Captioned web image data
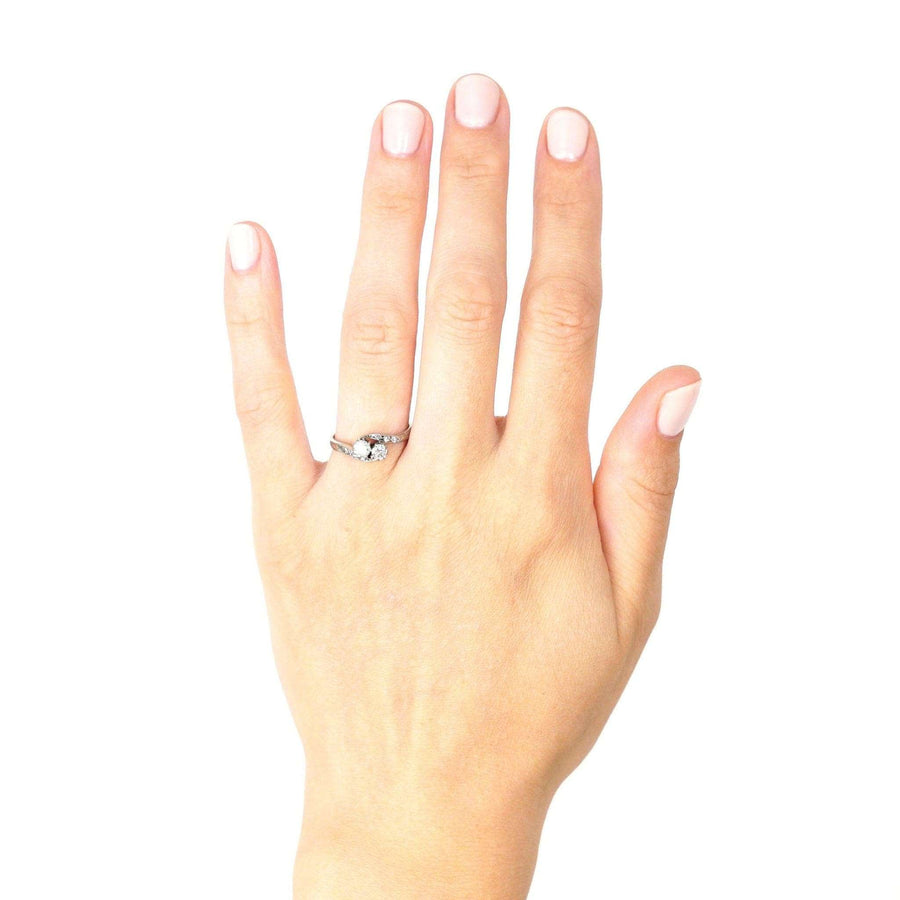 Edwardian 18ct white gold diamond 'Toi et Moi' crossover ring worn on hand, showcating its elegant design and bright diamonds.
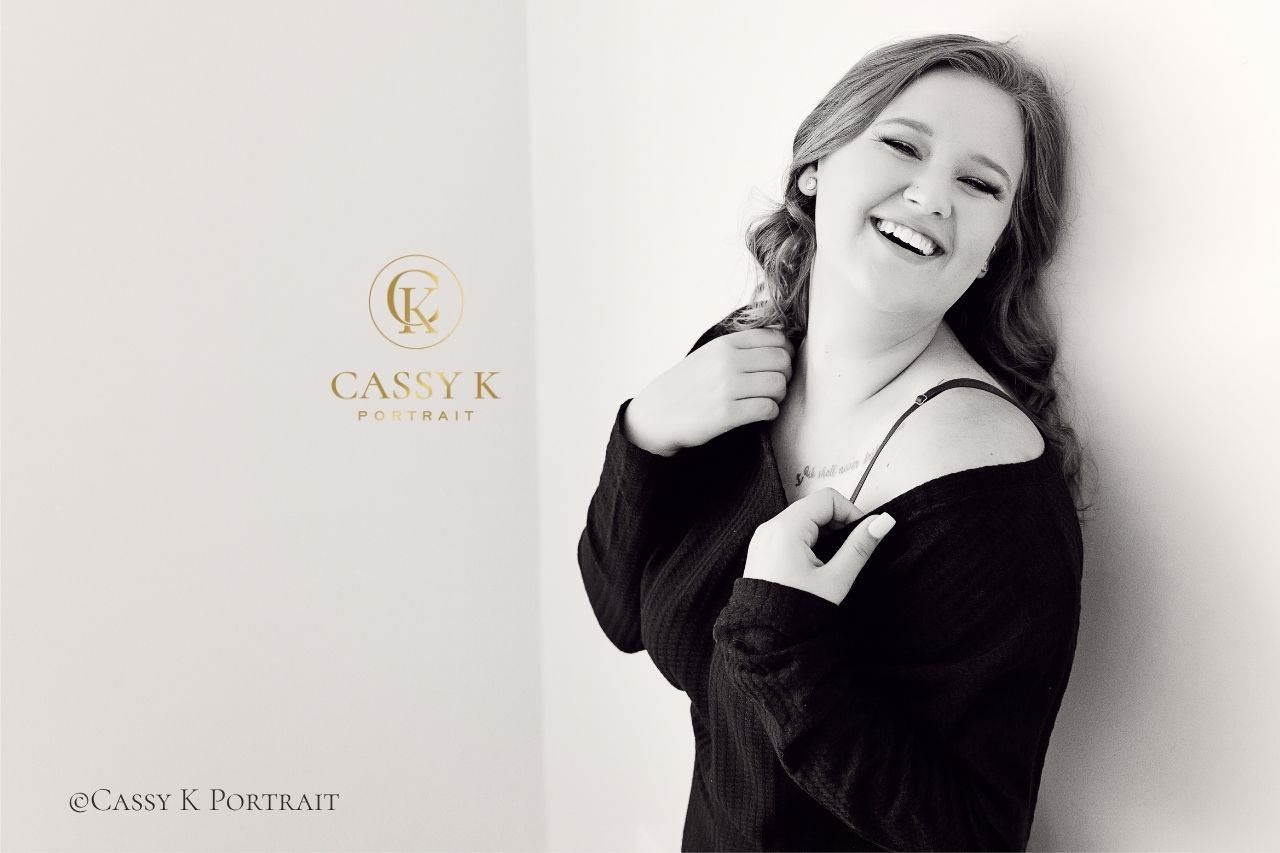 Busy mom wearing black sweater laughs during boudoir photo shoot experience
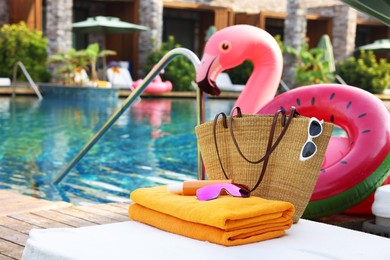 Beach accessories on sun lounger, inflatable ring and float near outdoor swimming pool, space for text. Luxury resort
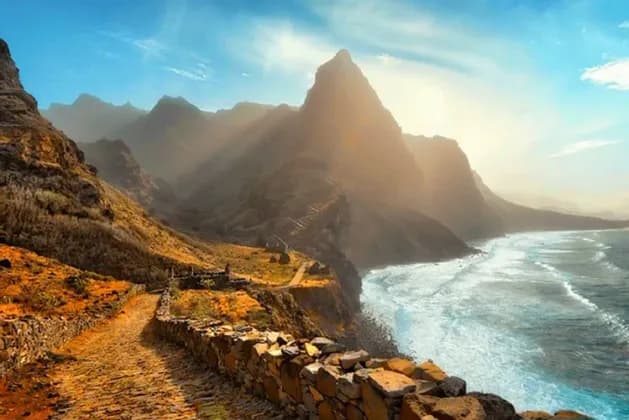 Ein Kopfsteinpflasterweg schlängelt sich entlang einer zerklüfteten Küste neben dem Meer, mit steilen, sonnenbeschienenen Bergen im Hintergrund.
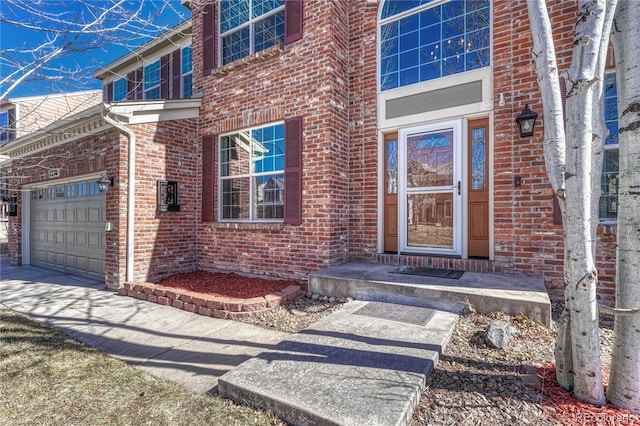 property entrance with brick siding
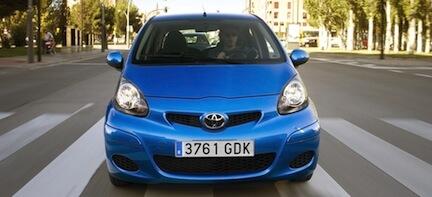 En blå Toyota Aygo kör nedför en gata. (AI text)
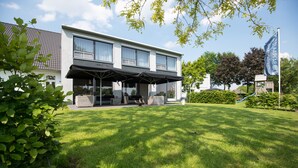 Un hôtel moderne doté d’un espace extérieur couvert avec des sièges, d’une pelouse bien entretenue et d’un terrain de jeux.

> **DIRECTIONS FOR THIS TASK**: Repeat, with no pictures, each line from the beginning of the data through the line containing "Ein Kopfsteinpflasterweg schlängelt", inclusive.

> **ANSWER TO THIS PROBLEM**:
 Edwardian 18ct white gold diamond 'Toi et Moi' crossover ring worn on hand, showcating its elegant design and bright diamonds.
 Busy mom wearing black sweater laughs during boudoir photo shoot experience
 Beach accessories on sun lounger, inflatable ring and float near outdoor swimming pool, space for text. Luxury resort
 Ein Kopfsteinpflasterweg schlängelt sich entlang einer zerklüfteten Küste neben dem Meer, mit steilen, sonnenbeschienenen Bergen im Hintergrund.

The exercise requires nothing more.